• _Work required_:
At the line containing "Pumpkin delivery service", begin an exact copy of the lines below and continue through the final one, with no pictures.
+-------+
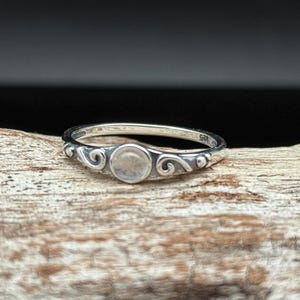 Puede incluir: Un anillo de plata con una piedra pequeña, redonda y de color claro en el centro. El anillo presenta adornos de volutas en la banda. El anillo se muestra sobre un trozo de madera.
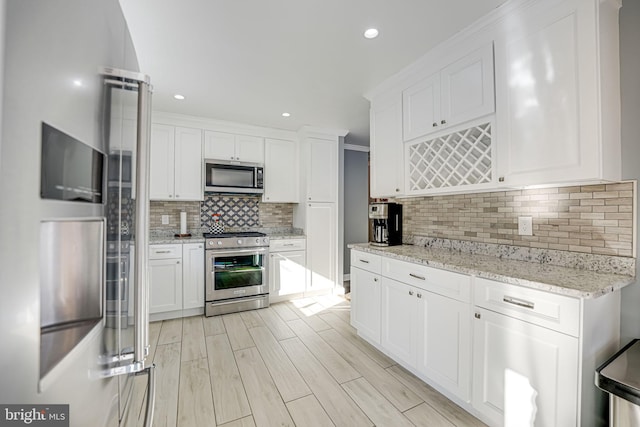 kitchen with light stone countertops, white cabinets, stainless steel appliances, decorative backsplash, and crown molding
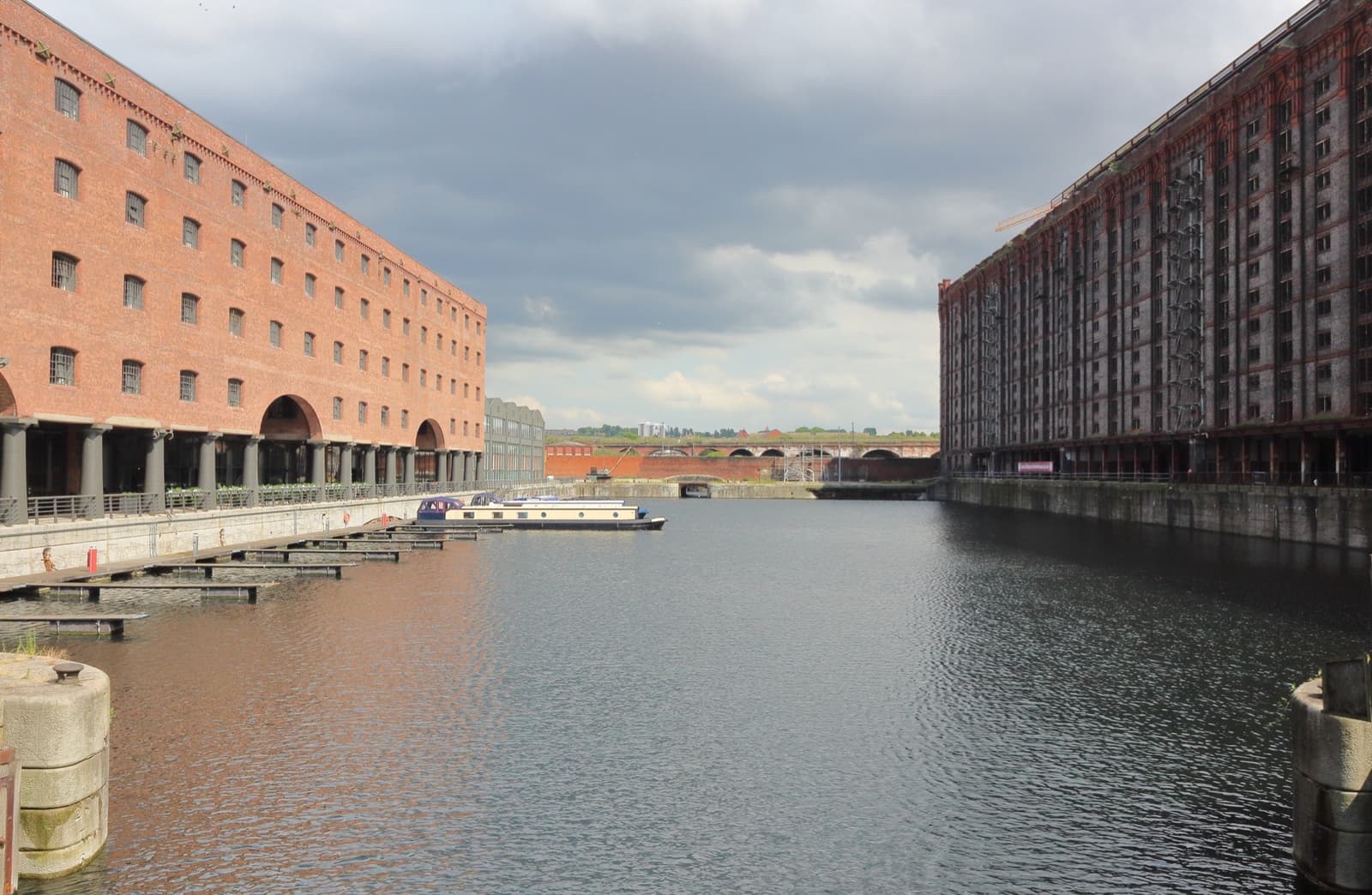 A still dock between two long brick warehouses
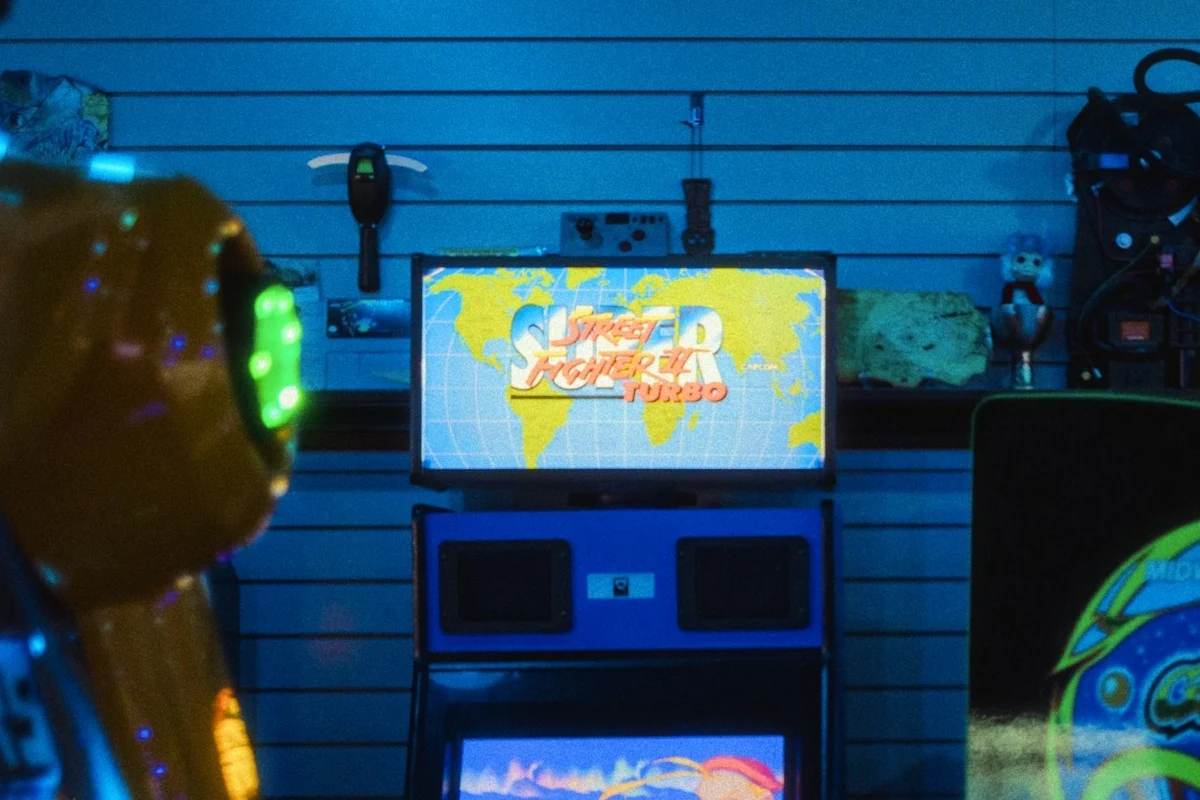 A Street Fighter II cabinet re-lit through a coin-op slot mask — Original
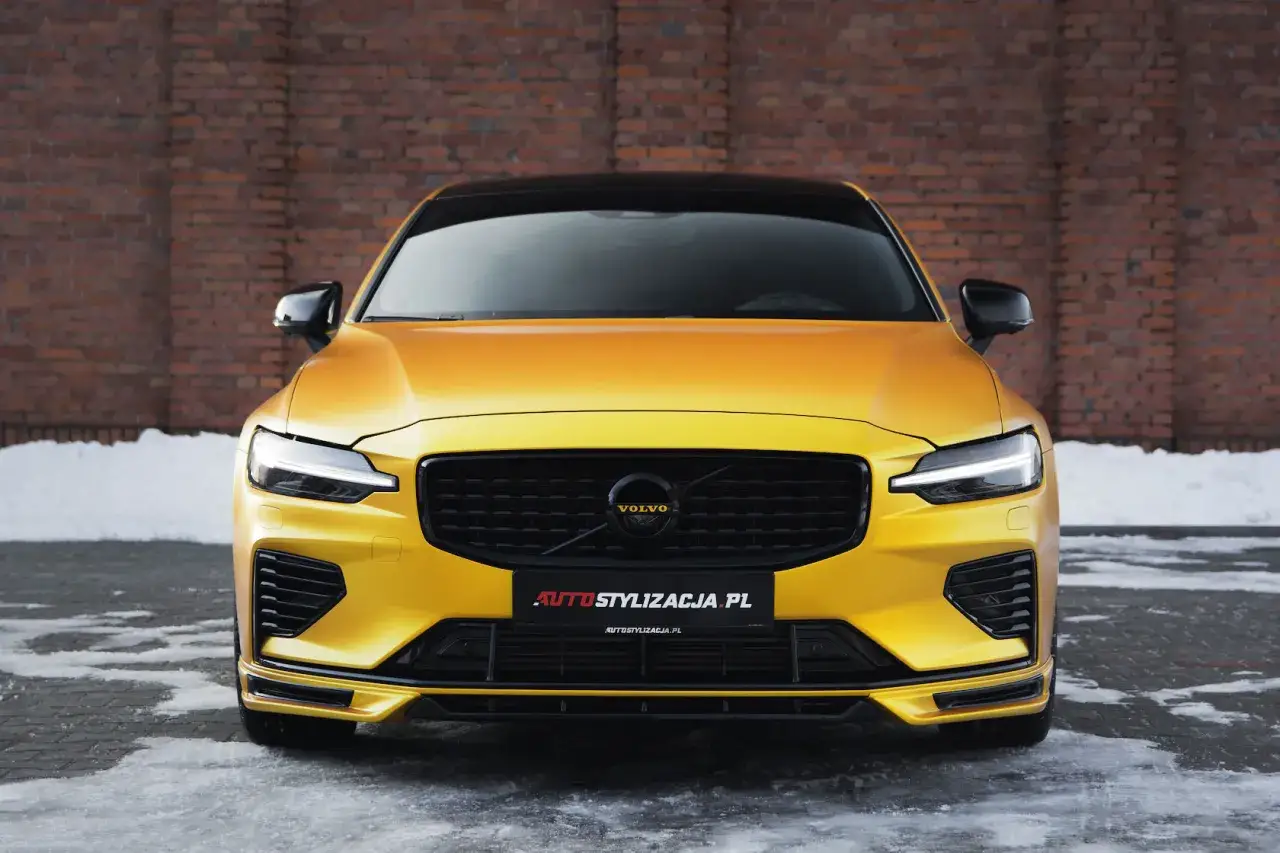Żółte Volvo S60 z czarnym grillem i detalami, oklejone folią Avery Dennison. Auto stoi na tle ceglanej ściany i ośnieżonego podjazdu.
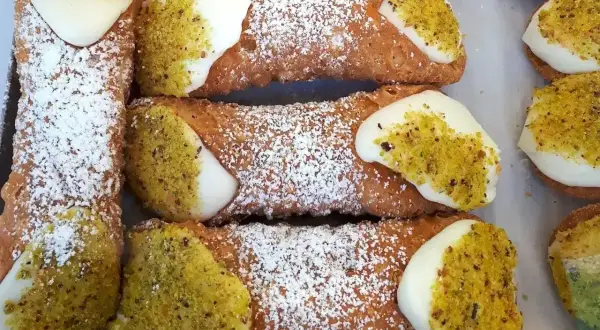 Chrupiące rurki wypełnione kremem, posypane cukrem pudrem i pistacjami. Pyszne **cannoli** czekają!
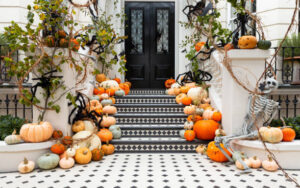 Pumpkin delivery service Grande Harvest package with white and orange pumpkins, mums, and hay bales styled on elegant steps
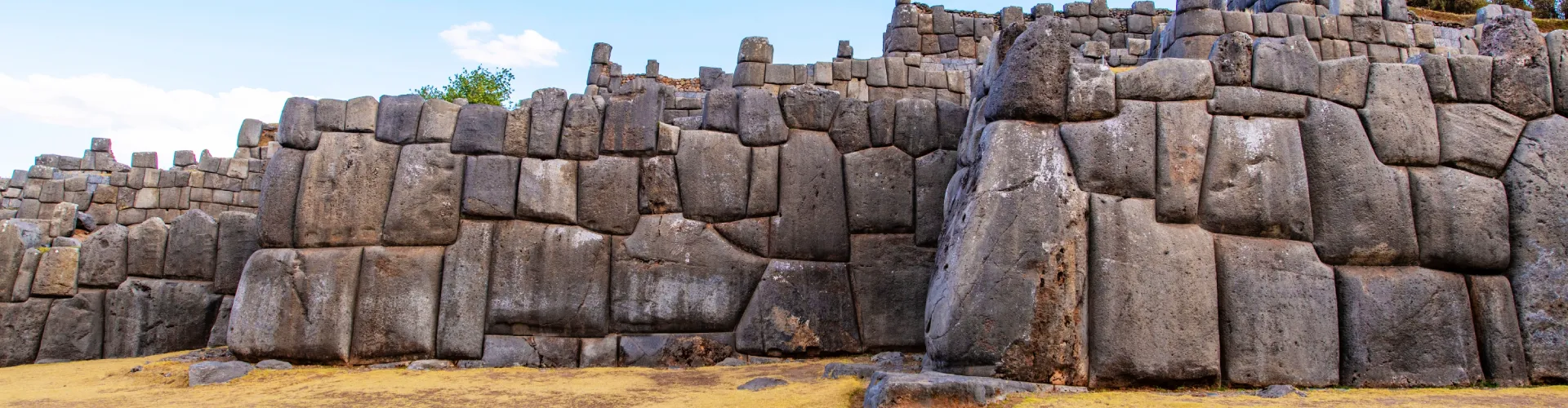 Massive stone walls of the Sacsayhuamán fortress overlooking Cusco city in Peru | Conde Travel Adventures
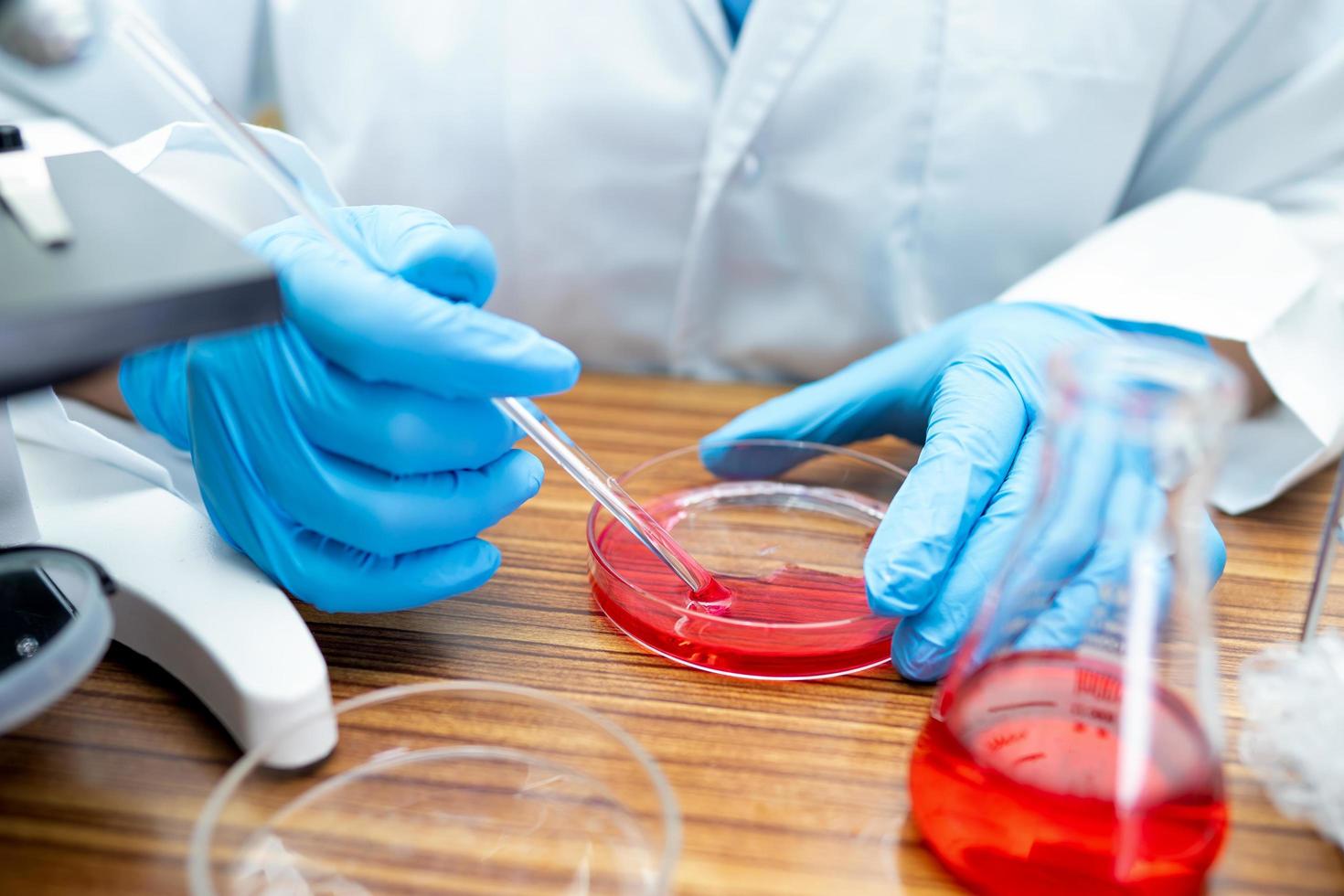 scientist working research with a microscope photo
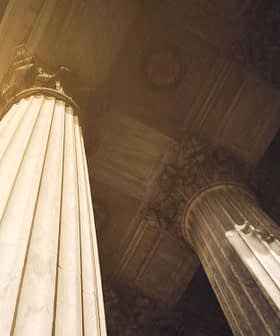 Two large architectural columns with intricate details and a view from below, showcasing their height and design. - Olive Oil Times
+-------+
• _Response to the task_:
 Pumpkin delivery service Grande Harvest package with white and orange pumpkins, mums, and hay bales styled on elegant steps
 Massive stone walls of the Sacsayhuamán fortress overlooking Cusco city in Peru | Conde Travel Adventures
 scientist working research with a microscope photo
 Two large architectural columns with intricate details and a view from below, showcasing their height and design. - Olive Oil Times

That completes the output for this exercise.